Darum stimmten zuletzt eine ganze Reihe afrikanischer Länder gegen
das geplante Freihandelsabkommen. "Ihr wisst wie euer Weg ist" Die
Bundesregierung will nun einen Ansatz verfolgen, der sich, so die
Hoffnung, nicht des Kolonialismus verdächtig macht. Vom Dialog der
Zukunft habe er konkrete Vorstellungen, sagt Müller: "Afrika und
jedes Land muss seinen eigenen Weg gehen." Ihren Weg habe die
Afrikanische Union in ihrem Zukunftsplan "Afrika 2063"
verabschiedet. "Den müssen wir einfordern, und dann können wir
unterstützen." Aber nur wenn die Führungseliten den Reformbedarf
einsähen, lasse sich an Zusammenarbeit und Förderung denken. Zu
diesen Reformen zählt Müller ganz wesentlich auch die volle
Teilhabe der Frauen: "Afrikas Frauen sind der ganz entscheidende
Schlüssel zum Erfolg." Für neue Standards in der Zusammenarbeit mit
Afrika sei es höchste Zeit, zeigt sich Müller überzeugt. Mit den
vielen afrikanischen Migranten in Deutschland sei "das Thema auch
in den Wohnzimmern" angekommen.

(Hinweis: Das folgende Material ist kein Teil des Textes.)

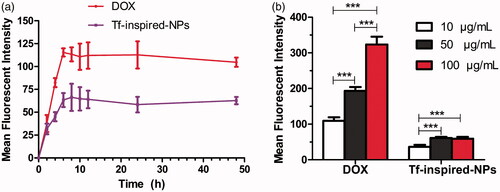 Figure 3. Total cellular uptake of free DOX and Tf-inspired-NPs by hUC-MSCs. (a) Depicts the incubation time-dependent manner of hUC-MSCs uptake; (b) Reports the mean fluorescence intensity of DOX and Tf-inspired-NPs under different drug concentration. Data is expressed as mean ± standard deviation (n = 3), ***p < .001.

Umso dringender sei, dass man
politisch nicht nur umdenken, sondern auch entsprechend handeln
müsse: "Wir können nicht den afrikanischen Kontinent für unseren
Wohlstand ausbeuten, dabei aber die Ressourcen und die Menschen und
die Natur, und Afrikas Jugend und Bevölkerung in Armut
zurücklassen." Beginn einer neokolonialen Phase Genau so aber, sagt
Müller, agierten in Afrika derzeit neue Mächte: "Im Augenblick
startet eine Phase des Neokolonialismus, also neue Strukturen in
der Zeit der Globalisierung. Wir sehen, wie die Chinesen und andere
in Afrika auftreten." Er selbst, so Müller, habe diesen Auftritt in
Mosambik beobachtet. Dort engagierten sich etwa China, Indien und
Japan: "Ressourcenausbeutung ohne Transparenzstandards, ohne
Investitionen vor Ort, weder in die Jugend des Landes noch Abgaben
oder Steuern, die dem Land zugutekommen." Das ungleiche Verhältnis
zeigte sich Einschätzungen von Experten zufolge beim siebten
China-Afrika-Kooperationsabkommen am Montag dieser Woche in Peking.

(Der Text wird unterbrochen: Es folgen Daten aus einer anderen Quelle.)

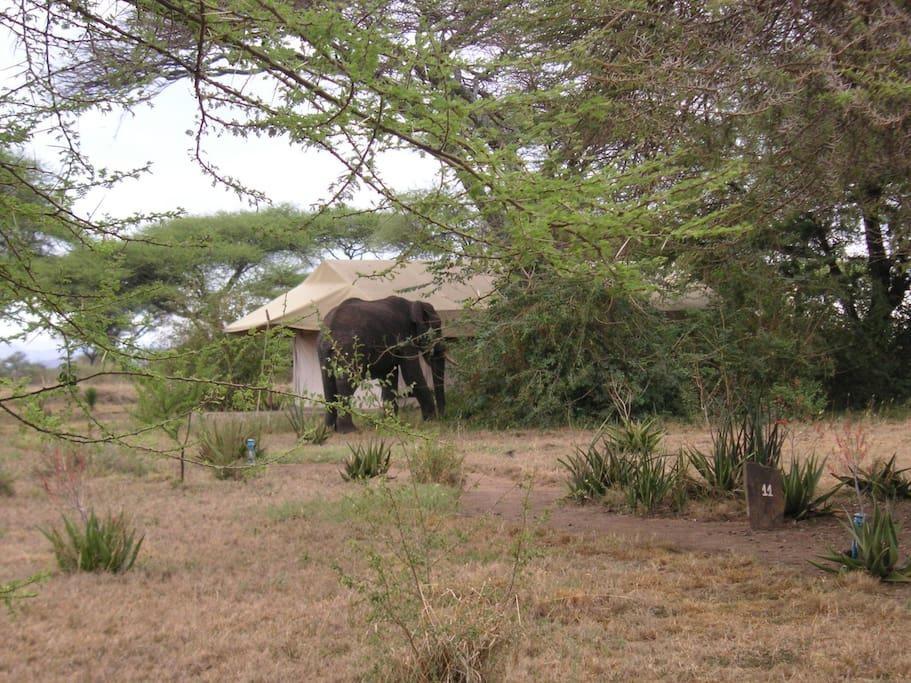 Mapito Tented Camp Серенгети Екстериор снимка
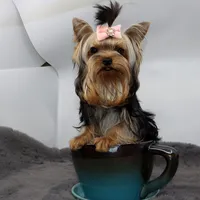 Micro girl Mia, a female Yorkshire Terrier for sale in Los Angeles, CA – 3 of 5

Viele Sätze in der Rede des chinesischen Staatsoberhaupts begannen
mit "China hat beschlossen". Das klang nicht unbedingt nach der
Partnerschaft auf Augenhöhe, die die Teilnehmer beider Seiten
beschworen. Der Gipfel war ein "großer diplomatischer Sieg" für
China, sagt etwa Tom Bayes, China-Experte beim Forschungsinstitut
MERICS. "Trotz Rhetorik wie 'Bruderschaft' und 'Win-Win' war es
offensichtlich, dass China sich gegenüber seinen afrikanischen
Partnern als Vorbild präsentiert hat, dem sie folgen sollten",
sagte Bayes der DW. Deutsche Industrie "wacht auf" Insgesamt, so
Entwicklungsminister Gerd Müller, müsse man mit China einen Dialog
führen. "Wir haben ein Zentrum für nachhaltige Entwicklung mit den
Chinesen auf den Weg gebracht, um nachhaltige Projekte umzusetzen."
Ein Beispiel sei etwa eine neue, große Brücke in Mosambik - "von
deutschen Ingenieuren konstruiert, von den Chinesen finanziert".
Für die deutsche Industrie, deutet Müller an, sei Afrika ein sehr
profitabler Markt - vorausgesetzt, sie passe ihre Produkte den
Bedürfnissen vor Ort an. Das gelte etwa für die deutsche
Automobilwirtschaft. Er freue sich, so Müller, dass die nun
"aufwache und umsteuere". Sichtbare Zeichen wie das VW-Engagement
in Ruanda gebe es bereits, konstatiert Müller: "In den nächsten
sechs bis acht Jahren werden 300 Millionen Autos in Afrika verkauft
werden - und ich freue mich nicht, wenn ich dort nur Toyotas und
nur Koreaner sehe und keine deutschen Autos." Auch der Handel mit
Afrika soll ausgebaut werden. Auf ihrer gemeinsamen Ghana-Reise
hätten Bundeskanzlerin Merkel und er Kooperationsverträge
unterzeichnet. Die Kontakte sollen im Oktober auf einer
Investorenkonferenz in Berlin fortgesetzt werden. Die Bereitschaft
sei da, sagt Müller: "Die Wirtschaft ist aufgewacht." Die Regierung
sei damit befasst, die Rahmenbedingungen für Investitionen zu
verbessern. Die Bevölkerung des Kontinents werde sich absehbar
verdoppeln. "Das wirft ganz neue Fragen auf, etwa im Hinblick auf
Ernährung und Energie. Und wir haben die Lösungen: Technologie und
Wissenstransfer." Deutschland könne die Probleme lösen. "Und wir
können eine Win-Win-Situation schaffen."